= To do =
Locate the line bearing "Dit prachtig en" in the material below, then reproduce it and each following line up to and including the line bearing "Antono Reyes en un momento de su actuación.".

= Records to use =

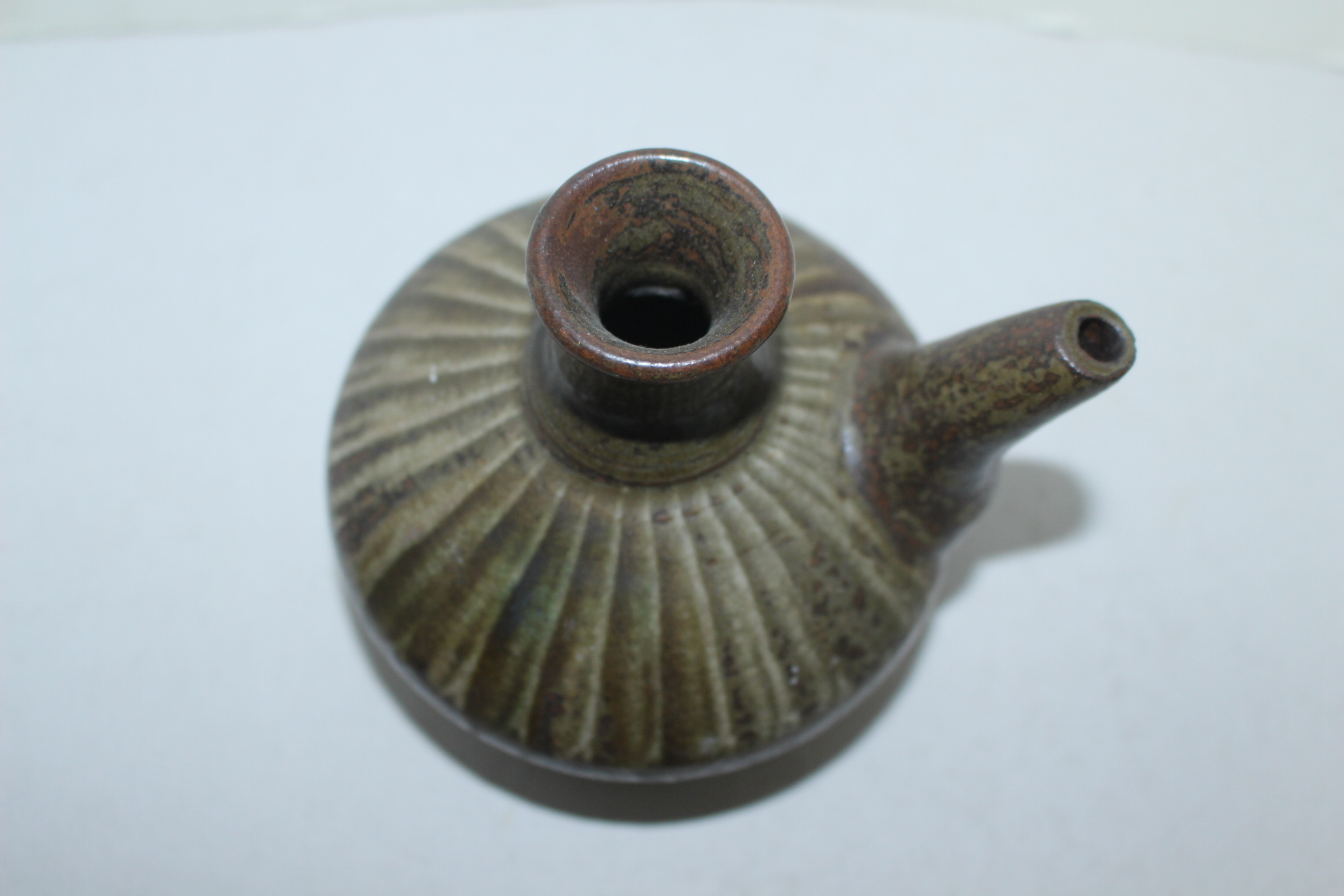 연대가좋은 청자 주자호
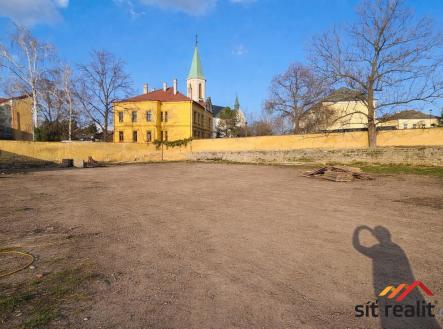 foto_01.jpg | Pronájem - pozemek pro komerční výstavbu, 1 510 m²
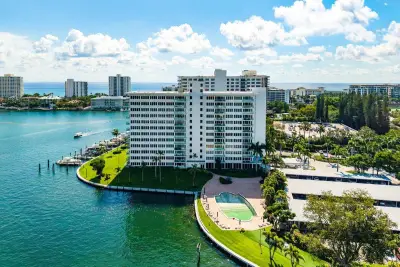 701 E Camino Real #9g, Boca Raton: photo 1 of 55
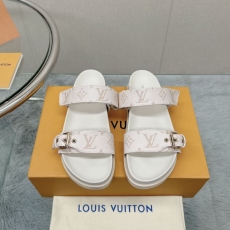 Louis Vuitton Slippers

---

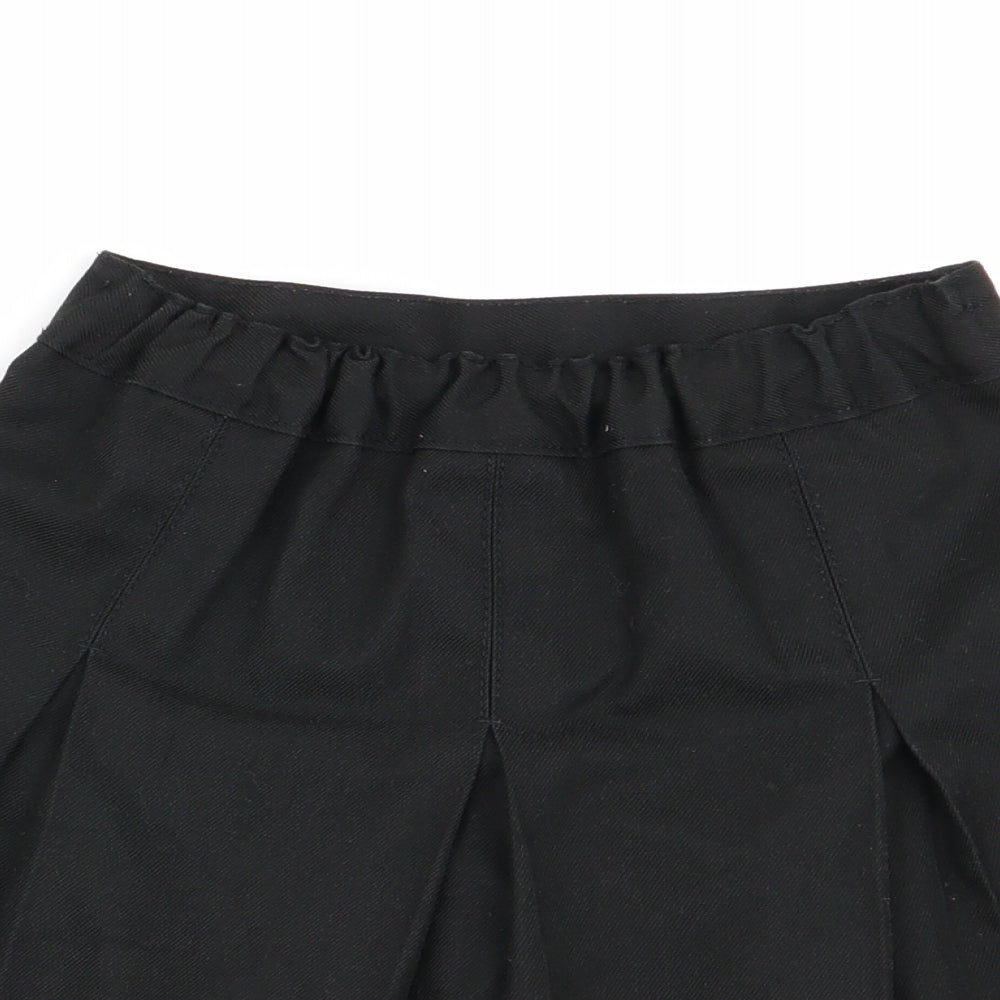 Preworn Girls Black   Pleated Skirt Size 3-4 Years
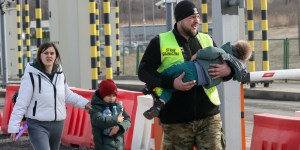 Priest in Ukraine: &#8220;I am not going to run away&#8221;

* * *

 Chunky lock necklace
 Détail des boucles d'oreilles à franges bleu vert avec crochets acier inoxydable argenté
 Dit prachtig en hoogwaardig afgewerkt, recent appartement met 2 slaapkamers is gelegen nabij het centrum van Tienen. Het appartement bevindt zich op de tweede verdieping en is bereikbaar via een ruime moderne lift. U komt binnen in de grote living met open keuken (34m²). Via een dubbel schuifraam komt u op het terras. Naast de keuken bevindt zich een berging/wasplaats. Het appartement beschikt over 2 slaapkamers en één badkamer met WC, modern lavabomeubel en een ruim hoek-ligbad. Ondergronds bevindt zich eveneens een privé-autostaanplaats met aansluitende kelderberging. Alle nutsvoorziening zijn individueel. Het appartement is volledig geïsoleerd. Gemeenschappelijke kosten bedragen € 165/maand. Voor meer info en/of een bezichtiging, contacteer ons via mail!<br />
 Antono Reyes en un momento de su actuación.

= Completed task =
 Dit prachtig en hoogwaardig afgewerkt, recent appartement met 2 slaapkamers is gelegen nabij het centrum van Tienen. Het appartement bevindt zich op de tweede verdieping en is bereikbaar via een ruime moderne lift. U komt binnen in de grote living met open keuken (34m²). Via een dubbel schuifraam komt u op het terras. Naast de keuken bevindt zich een berging/wasplaats. Het appartement beschikt over 2 slaapkamers en één badkamer met WC, modern lavabomeubel en een ruim hoek-ligbad. Ondergronds bevindt zich eveneens een privé-autostaanplaats met aansluitende kelderberging. Alle nutsvoorziening zijn individueel. Het appartement is volledig geïsoleerd. Gemeenschappelijke kosten bedragen € 165/maand. Voor meer info en/of een bezichtiging, contacteer ons via mail!<br />
 Antono Reyes en un momento de su actuación.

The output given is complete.